Chaque modèle d’implantation sur le marché polonais a ses avantages et inconvénients et la décision finale sur le mode d’implantation dépend surtout de la caractéristique propre à la PME/ETI, des spécificités de son marché et de son environnement concurrentiel. Il ne s’agit donc pas de condamner ou privilégier un modèle de croissance parmi les trois, mais de s’adapter à chaque contexte.
Sur les segments de marchés matures (segments à faible croissance), la consolidation par acquisition est généralement la plus efficace et la plus créatrice de valeur. Elle permet d’apporter la plateforme de croissance, de consolider les marchés rapidement et d’acquérir un management local de qualité.
Sur les segments du marché en développement, la croissance organique à partir d’une plateforme suffisamment significative est généralement la meilleure solution.
Dans les deux cas, les conditions suivantes doivent être remplies pour réussir une stratégie d’implantation sur un marché : mettre en œuvre une organisation, des processus, des systèmes de contrôle de motivation et de délégation adaptés à chaque modèle de croissance.
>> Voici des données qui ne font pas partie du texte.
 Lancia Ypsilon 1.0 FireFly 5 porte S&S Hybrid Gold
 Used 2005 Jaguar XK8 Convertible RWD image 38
Le principal enjeu est de faire évoluer les organisations en fonction de la stratégie choisie et de définir le niveau de délégation et de ressources locales par rapport aux organisations historiques.
 
Sources de l’article :
Rapport de la Chambre de commerce et d’industrie française en Pologne et de KPMG Pologne : 20 ans d’investissements français en Pologne, juillet 2014, ministère du Trésor public polonais, Center for Economics and Business Research, Eurostat.
 
À propos de l’auteur 
 
Titulaire d’un master d’économie et de la certification CFA, Marcin Tobor a cumulé 12 ans d’expérience professionnelle en France, Luxembourg et Pologne, travaillant pour le compte d’entreprises françaises, de fonds d’investissement et d’institutions financières, où il a exercé des fonctions dans le contrôle de gestion, la direction financière, l’investissement et la gestion de participations.
Marcin Tobor dirige désormais la filiale de Pramex International à Varsovie, où il conduit des opérations d’acquisitions et de cessions pour les small et mid caps françaises de différents secteurs et conseille les entreprises dans leur implantation sur le marché polonais.